____ RECORDS TO PROCESS
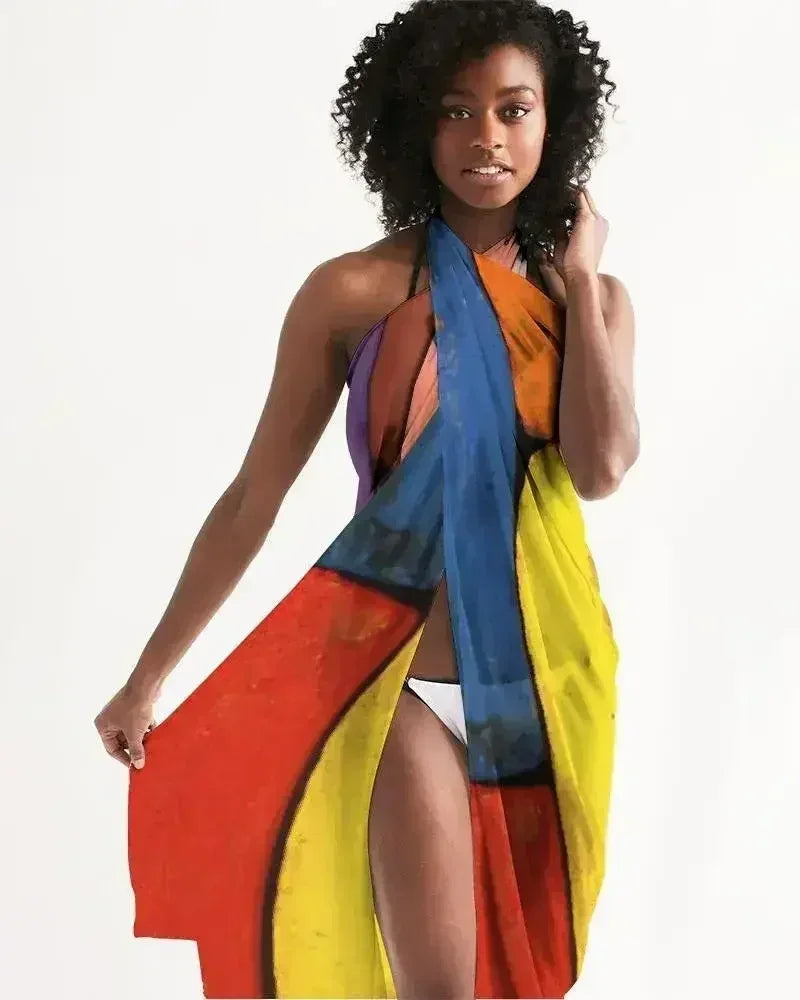 Sheer Sarong Swimsuit Cover Up Wrap / Block Multicolor - Femstylo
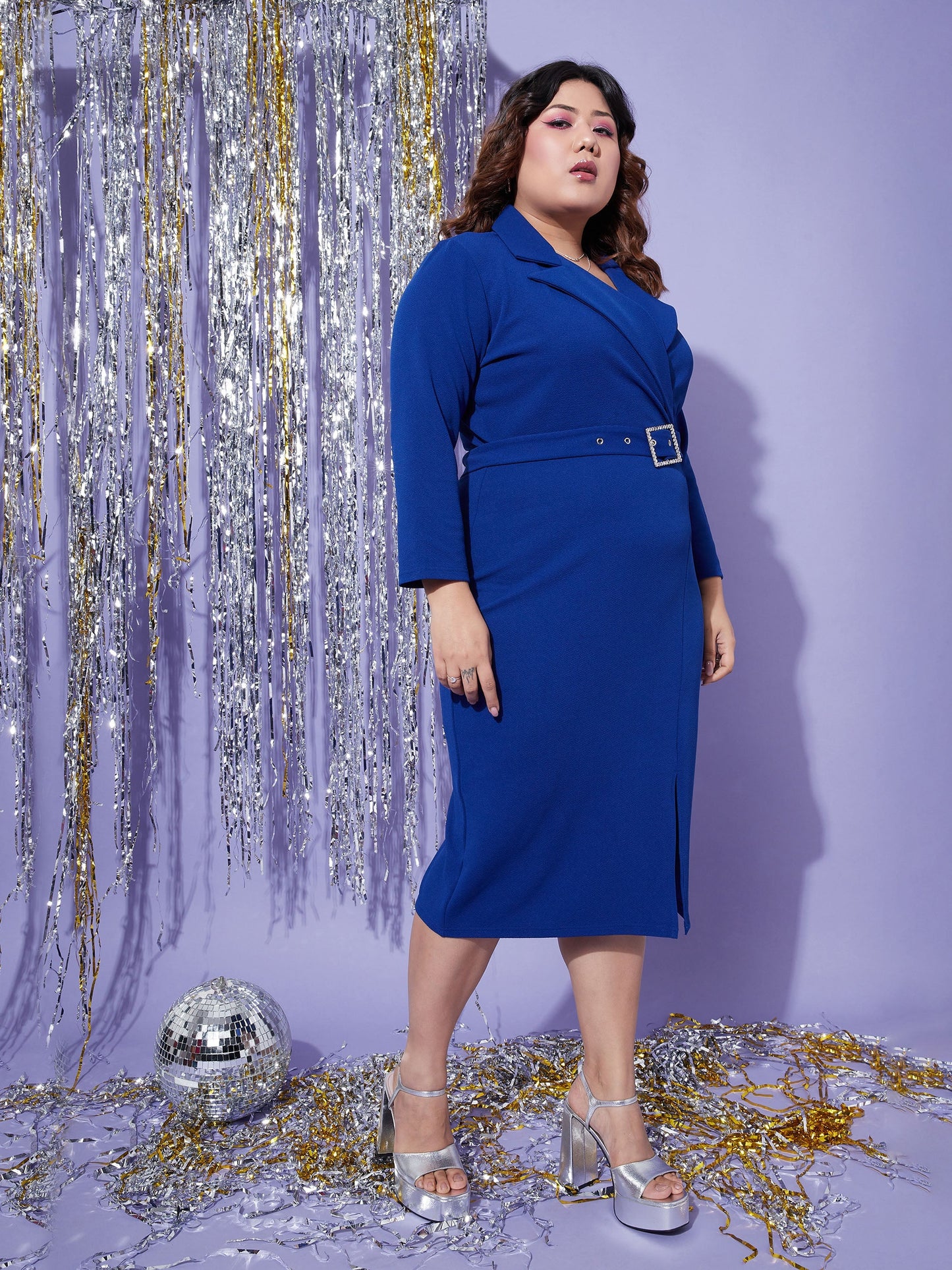 Royal Blue Notch Collar Belted Bodycon Dress-SASSAFRAS Curve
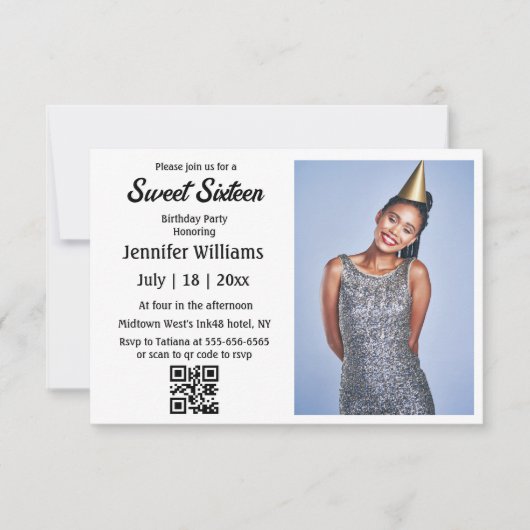 minimalistisch zoete chic zestien qr-codefoto kaart (Voorkant)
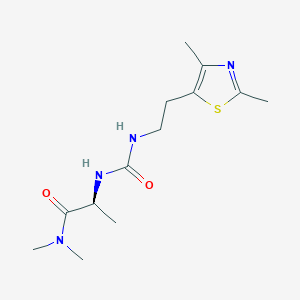 molecular formula C13H22N4O2S B7634360 (2S)-2-[2-(2,4-dimethyl-1,3-thiazol-5-yl)ethylcarbamoylamino]-N,N-dimethylpropanamide 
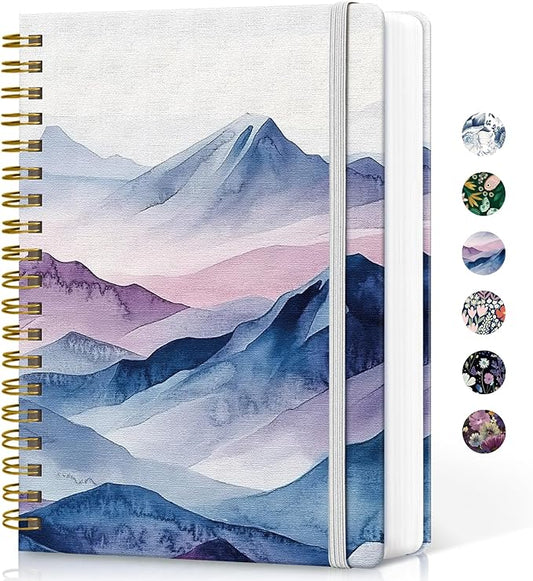 Taja Lined Spiral Notebook Journal for Work, 300 Pages Thick B5 (7.1"x10") College Ruled Journal for Women & Writing, Hardcover Notebook for Note Taking, Perfect for Office Home School, Distant Peak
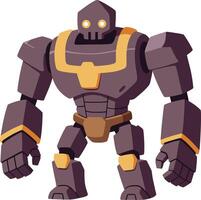 Humanoid robot character with brown and yellow armor standing in confident pose illustration vector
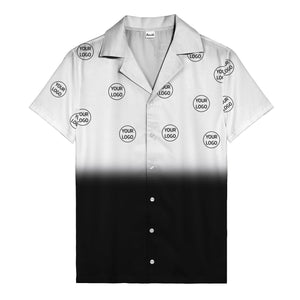 custom logo ombre gradient black white hawaiian shirt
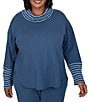 Ruby Rd. Plus Size Luxe Ribbed Knit Combo Fair Isle Trim Cowl Neck Long Sleeve Sweater - Image 1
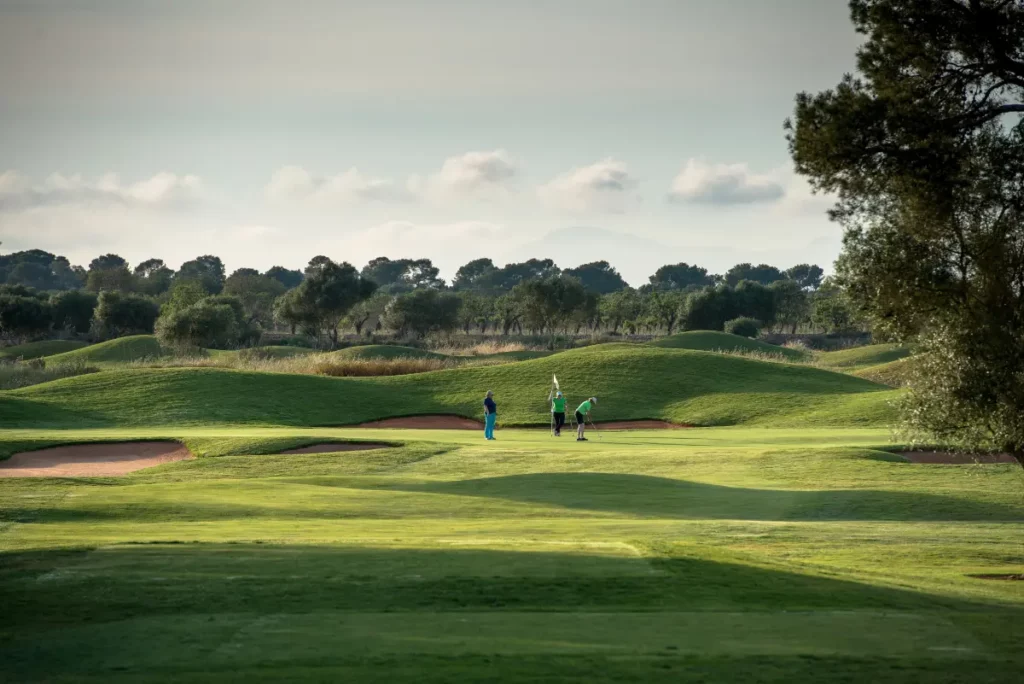 Son Antem West Golf Course View of Hole 17 Fairway with Golfers on the Green in Mallorca
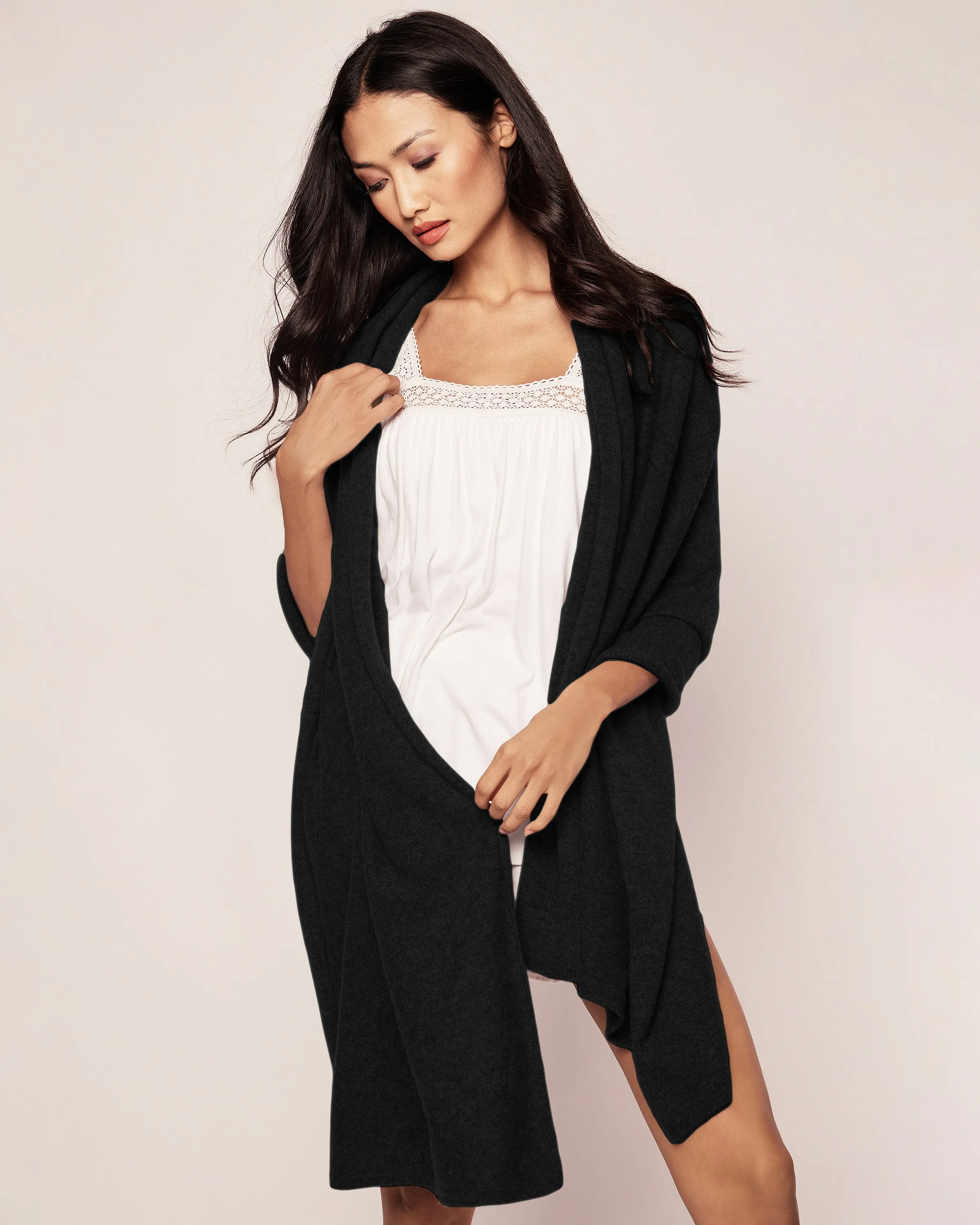 Women's Cashmere Wrap in Black sold by Petite Plume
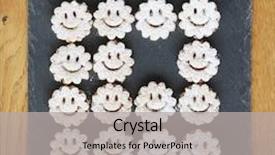  Presentation with cookies and biscuits - Presentation theme featuring fresh smiley cookies and biscuits served on a plate background and a light gray colored foreground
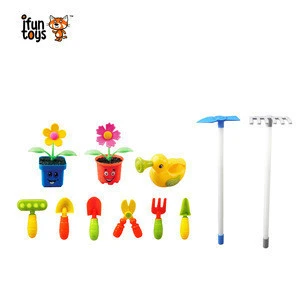 Hoe Shovel Scissor Beach clay digger harrow farming tools rake little gardener set plastic garden flower plant toy for kids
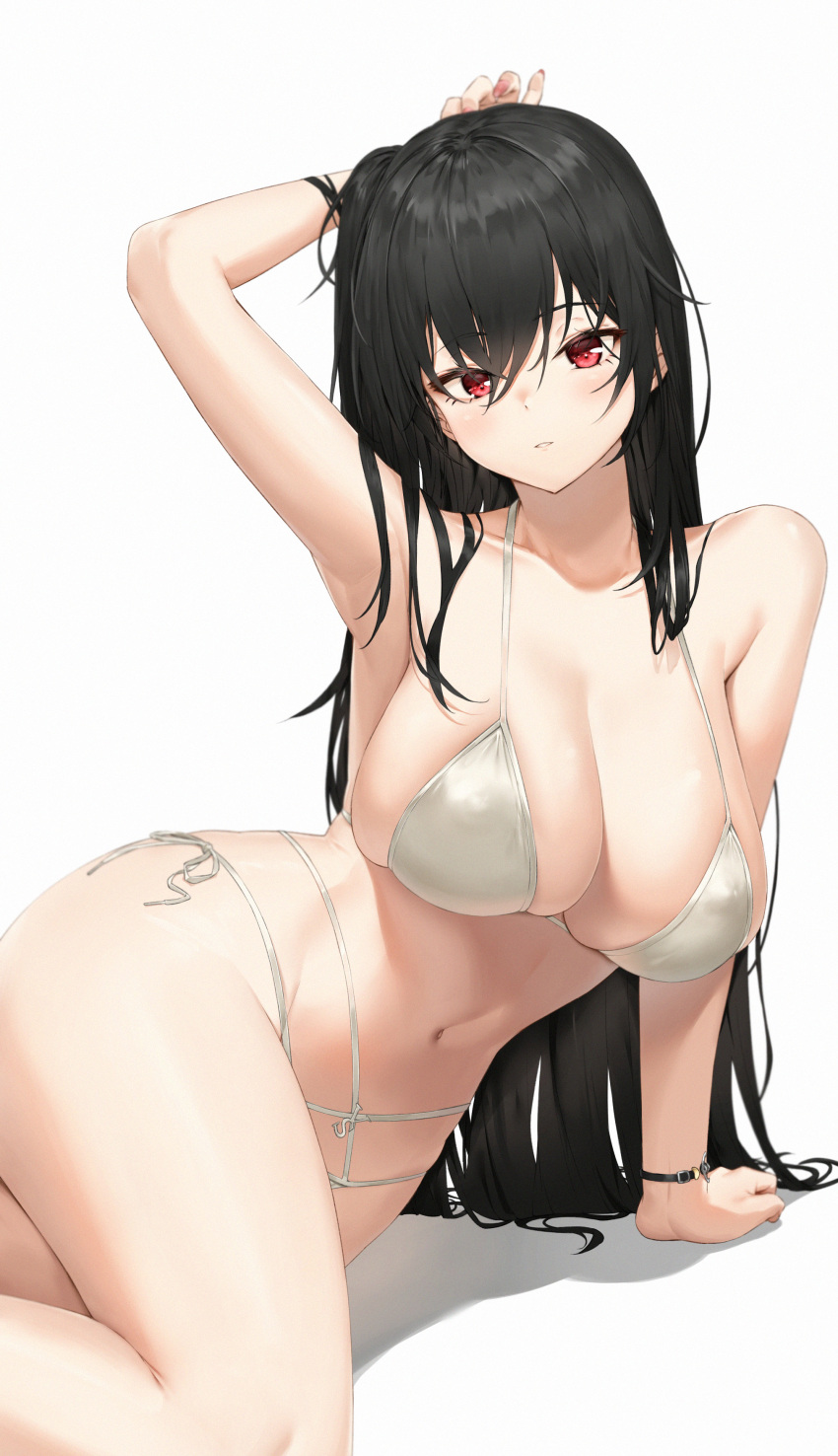 1girl absurdres arm_support arm_up azur_lane bikini black_hair breasts cleavage highres large_breasts long_hair looking_at_viewer lying navel on_side parted_lips pixel_(yuxian) red_eyes side-tie_bikini_bottom solo stomach swimsuit taihou_(azur_lane) taihou_(seaside_daydreams)_(azur_lane) very_long_hair white_bikini
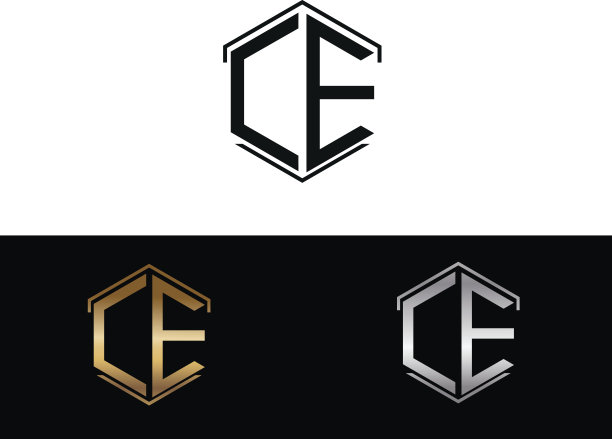 CE字母与六角形标志相连图片下载
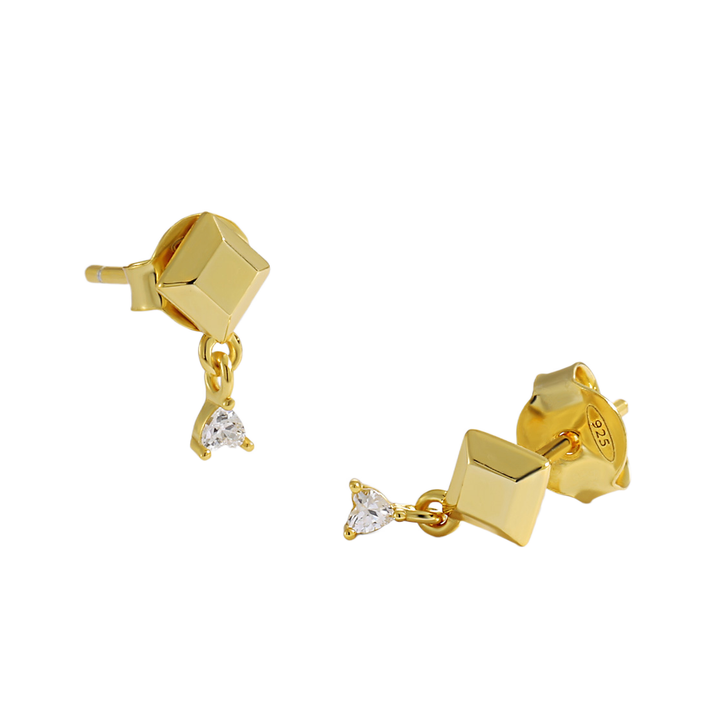 Friend's Geometry White Heart CZ 925 Sterling Silver Stud Earrings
________
▶ [WORK ITEM]: Return only the lines from the start of the data through the line that contains "minimalistisch zoete chic", please, copying them exactly and omitting all pictures.

▶ [RESULT FOR THIS TASK]:
 Sheer Sarong Swimsuit Cover Up Wrap / Block Multicolor - Femstylo
 Royal Blue Notch Collar Belted Bodycon Dress-SASSAFRAS Curve
 minimalistisch zoete chic zestien qr-codefoto kaart (Voorkant)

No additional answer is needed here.